▸ **Instructions for the task**
From the first line of the listing to the last, set down everything exactly, but skip the images.

* * * * * * * * *

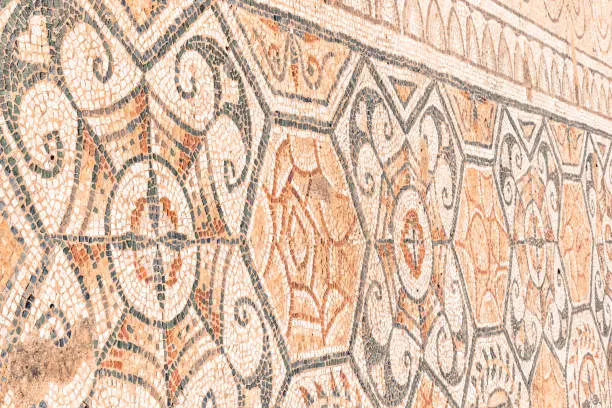Roman mosaic of symmetrical, interlocking patterns.  A few dozens of kilometres to the southwest of Cagliari lies one of Sardinia’s most important archaeological sites, Nora.  Once a a prosperous city, Phoenician first, Carthaginian later, and finally a Roman centre.  Excavations began in 1889, when a coastal storm revealed a Phoenician-Punic cemetery.  The floors of Roman buildings were often richly decorated with mosaics - tiny coloured stones (tesserae).
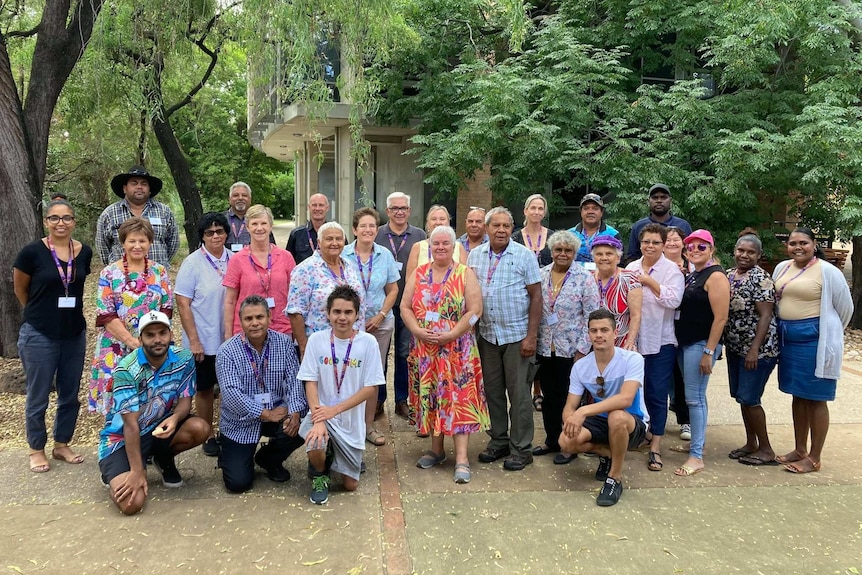 A group of almost 30 people stand together at the University of Queensland's Gatton campus.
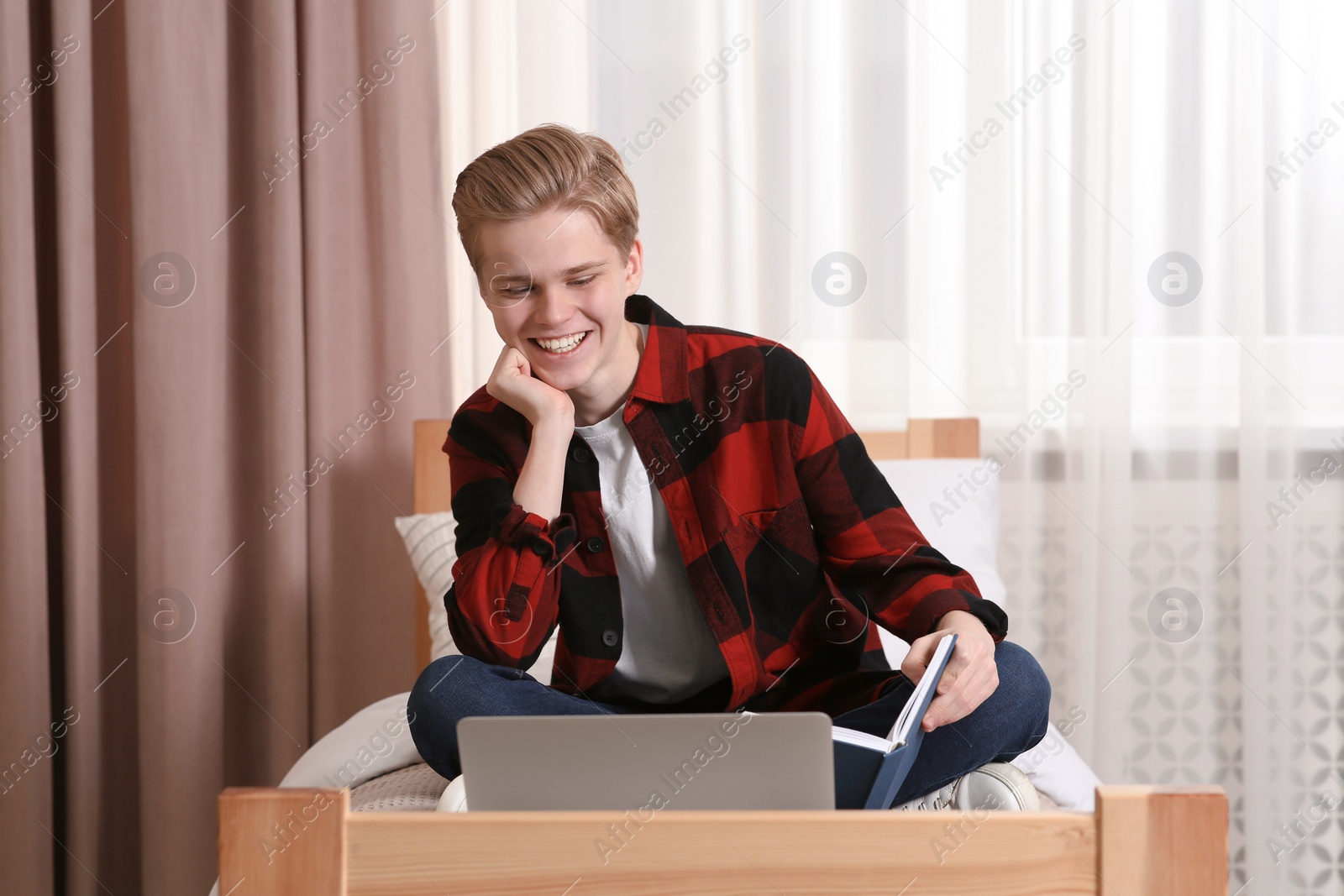 Photo of Online learning. Smiling teenage boy with book looking on laptop at home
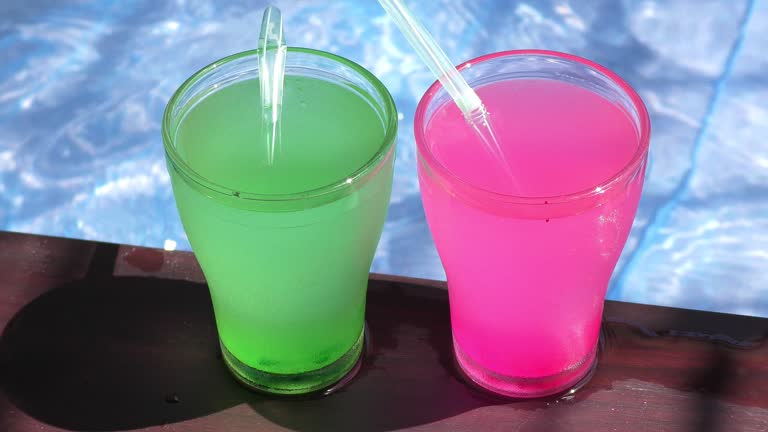 Two mocktail glasses on the sides of the pool water and straws.
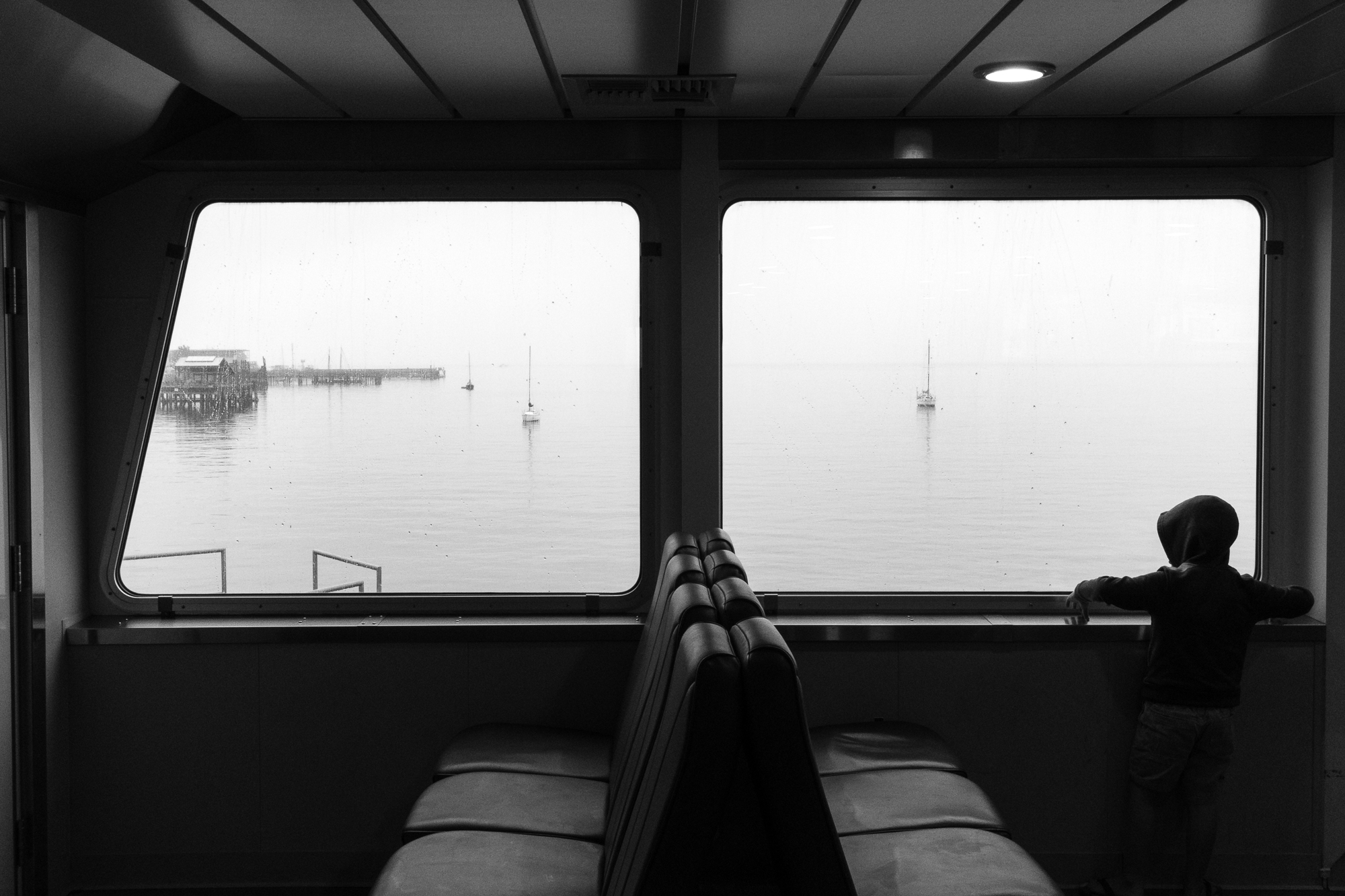 boy on ferry - documentary family photography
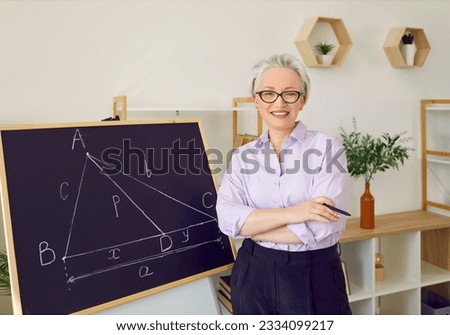 Maths teacher in front of blackboard in school classroom. Happy beautiful elegant middle aged woman in shirt and glasses standing by chalk board with geometry theorem, looking at camera and smiling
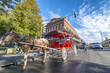 NEW ORLEANS, USA - FEBRUARY 2016: Red horse carriage along Jackson Square. New Orleans attracts 10 million tourists annually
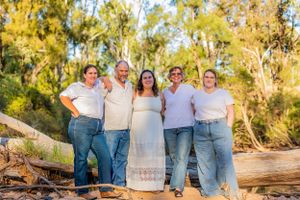 Group photo of family members in coordinated casual wear posed outdoors with trees in background.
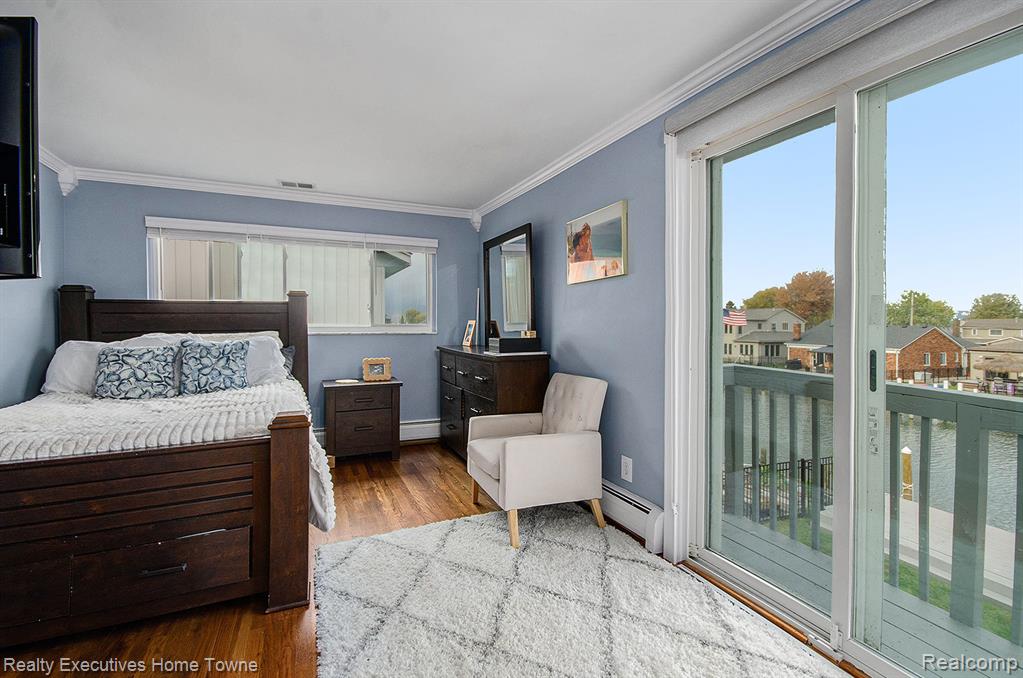Bedroom with access to outside, dark wood-type flooring, a baseboard heating unit, crown molding, and baseboard heating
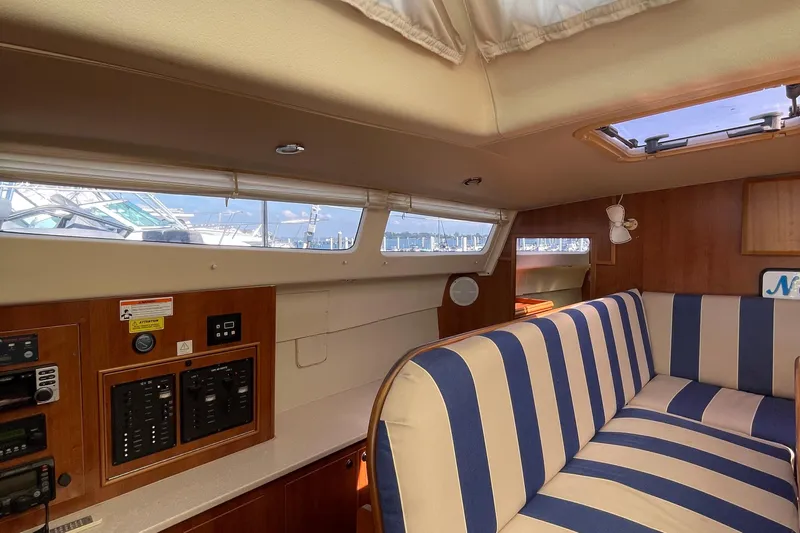  Yacht Photos Pics Interior of 2013 Gemini Legacy boat with striped seating and control panels.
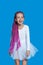 Smiling little girl with long pink hair, dressed in ballet white dress, on a blue background. Verical view.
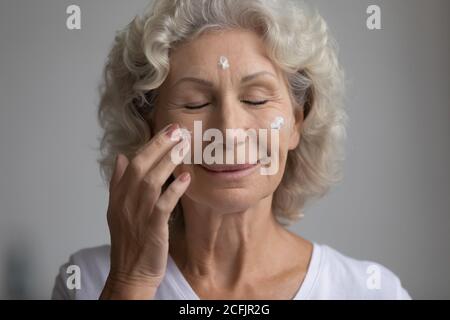 Close up Zufriedene Frau mittleren Alters Anwendung feuchtigkeitsspendende Gesichtscreme Stockfoto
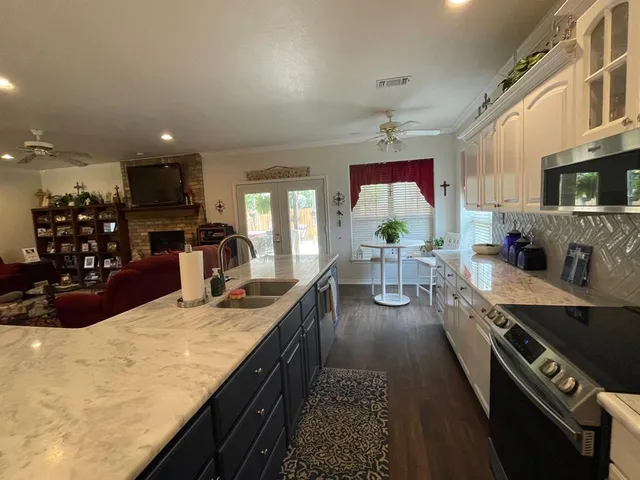 a kitchen with stainless steel appliances granite countertop a stove and a sink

* * * * * * * * *

▸ **Result**
Roman mosaic of symmetrical, interlocking patterns.  A few dozens of kilometres to the southwest of Cagliari lies one of Sardinia’s most important archaeological sites, Nora.  Once a a prosperous city, Phoenician first, Carthaginian later, and finally a Roman centre.  Excavations began in 1889, when a coastal storm revealed a Phoenician-Punic cemetery.  The floors of Roman buildings were often richly decorated with mosaics - tiny coloured stones (tesserae).
 A group of almost 30 people stand together at the University of Queensland's Gatton campus.
 Photo of Online learning. Smiling teenage boy with book looking on laptop at home
 Two mocktail glasses on the sides of the pool water and straws.
 boy on ferry - documentary family photography
 Maths teacher in front of blackboard in school classroom. Happy beautiful elegant middle aged woman in shirt and glasses standing by chalk board with geometry theorem, looking at camera and smiling
 NEW ORLEANS, USA - FEBRUARY 2016: Red horse carriage along Jackson Square. New Orleans attracts 10 million tourists annually
 Group photo of family members in coordinated casual wear posed outdoors with trees in background.
Bedroom with access to outside, dark wood-type flooring, a baseboard heating unit, crown molding, and baseboard heating
  Yacht Photos Pics Interior of 2013 Gemini Legacy boat with striped seating and control panels.
 Smiling little girl with long pink hair, dressed in ballet white dress, on a blue background. Verical view.
 Close up Zufriedene Frau mittleren Alters Anwendung feuchtigkeitsspendende Gesichtscreme Stockfoto
 a kitchen with stainless steel appliances granite countertop a stove and a sink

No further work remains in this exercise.